• _TASK_
Reproduce the entries word for word, and omit any picture you find in them.

[[ DATA TO USE open ]]

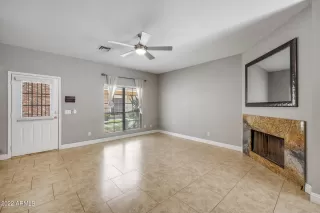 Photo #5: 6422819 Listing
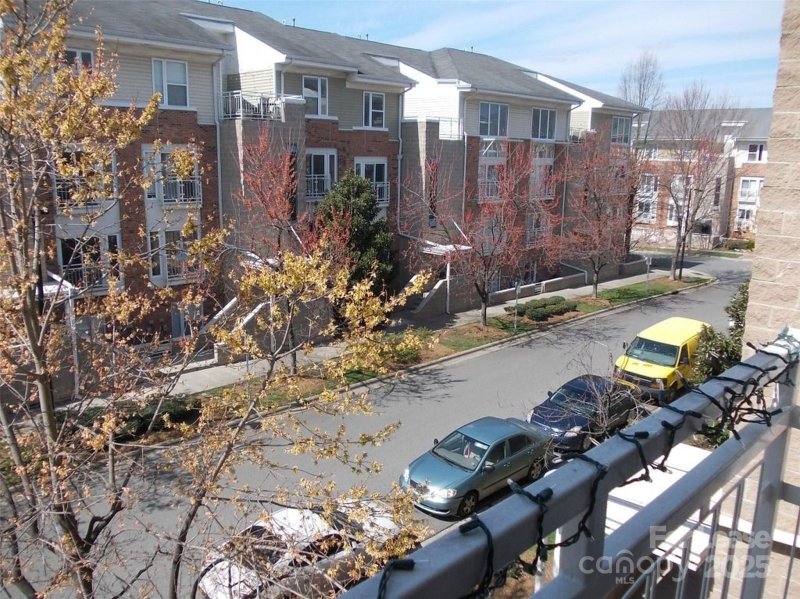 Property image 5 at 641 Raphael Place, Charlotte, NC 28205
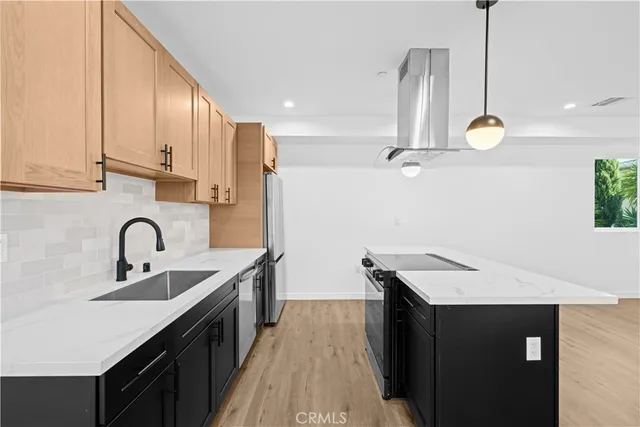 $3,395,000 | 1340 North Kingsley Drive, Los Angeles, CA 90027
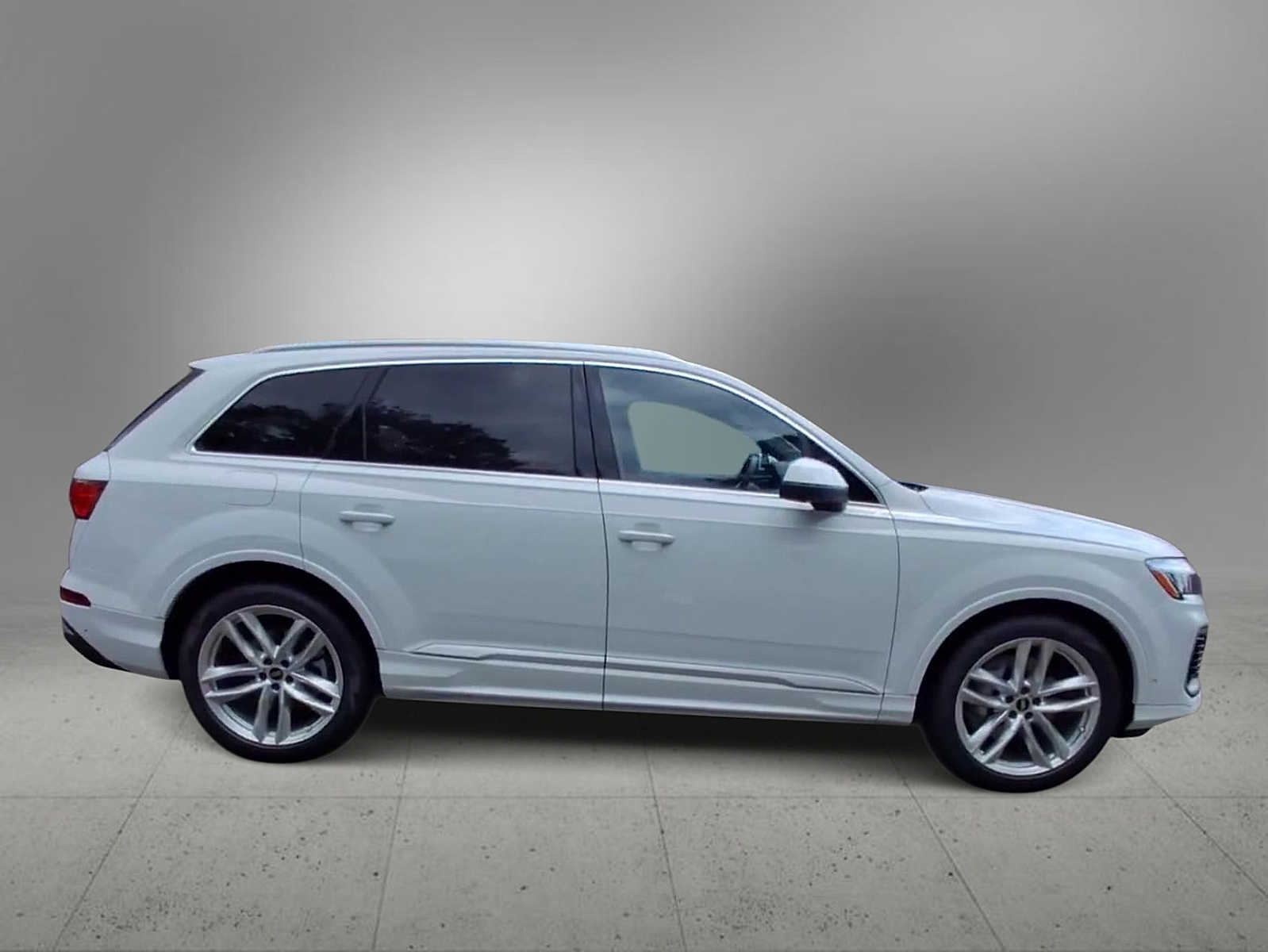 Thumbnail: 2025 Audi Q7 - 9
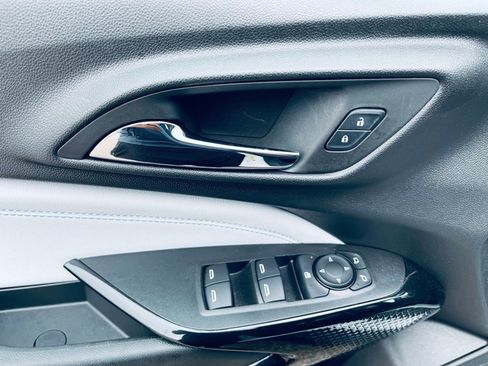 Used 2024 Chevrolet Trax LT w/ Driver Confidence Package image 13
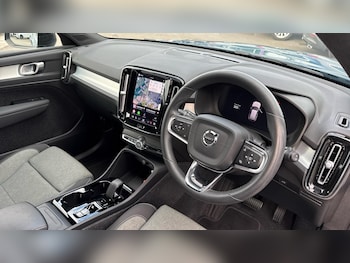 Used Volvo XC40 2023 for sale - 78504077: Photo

[[ DATA TO USE closed ]]

• _REPLY_
 Photo #5: 6422819 Listing
 Property image 5 at 641 Raphael Place, Charlotte, NC 28205
 $3,395,000 | 1340 North Kingsley Drive, Los Angeles, CA 90027
 Thumbnail: 2025 Audi Q7 - 9
 Used 2024 Chevrolet Trax LT w/ Driver Confidence Package image 13
 Used Volvo XC40 2023 for sale - 78504077: Photo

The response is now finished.